As the course was not accredited, we were asked if we wished to continue. We were all enjoying the experience so much that we agreed to continue in good faith, and the course was finally adopted by the Oxford University Department for Extramural Studies.
Wilfrid proved to be an exceptionally good organiser, and the programme of lectures, weekends, and residential courses was prepared long in advance. Wilfrid’s lectures on the New Testament were brilliantly presented, interesting, and stimulating. In these sessions, and in the other areas of theology, we were invited to look at things in a different way, which was both challenging and exciting.
Wilfrid looked after us all with his quiet firmness, but with great understanding, knowing that most of us had full-time jobs, and were studying in our spare time. He created a happy atmosphere, with much fun and resultant camaraderie, especially during the weekends in Oxford, and the summer residential periods, and all this proved to be very motivating. I remember that we tended to write longer weekly essays than had been envisaged when the course was set up.
I always felt that Wilfrid was extremely shrewd, and understood us all completely, including the desire of some of us to escape for a beer on frequent occasions during the summer residence. He was exceptionally good at remembering people’s names, even if he had not seen them for several years.

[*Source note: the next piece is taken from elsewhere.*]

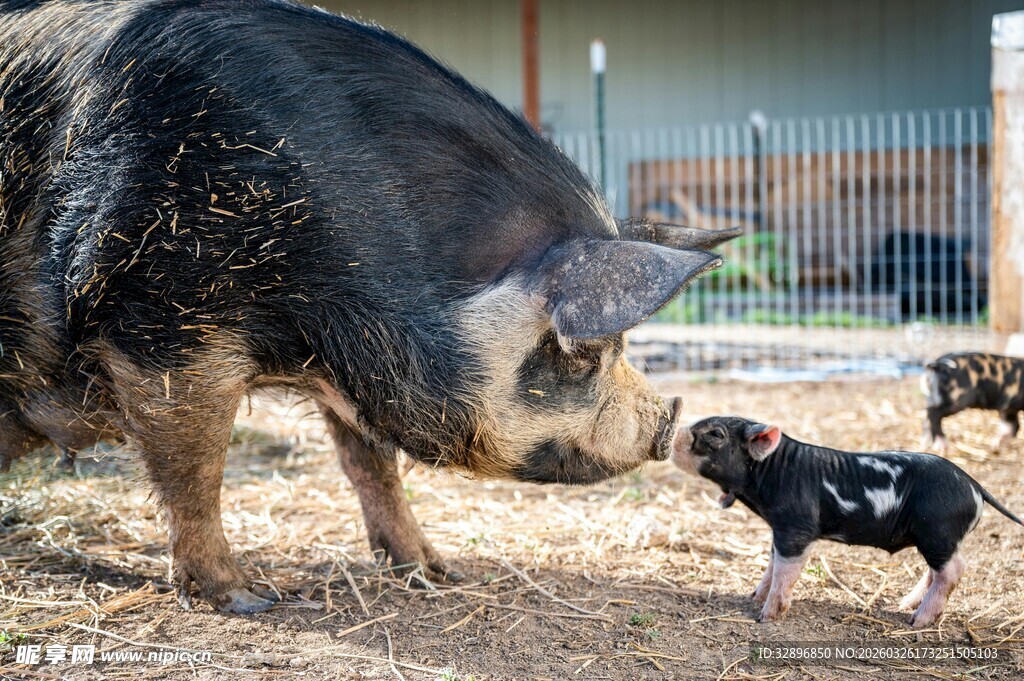 大猪与小猪亲昵互动场景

Those three years were an experience which I shall never forget. Wilfrid managed to transform our rather nervous and uncertain beginning into growing confidence, and complete enjoyment, through his support and love, and also through his vision of a type of ministry that would enrich the Church of England.
It enabled me to continue to teach French and, also, to become a priest; I owe to Wilfrid a great debt of gratitude for that.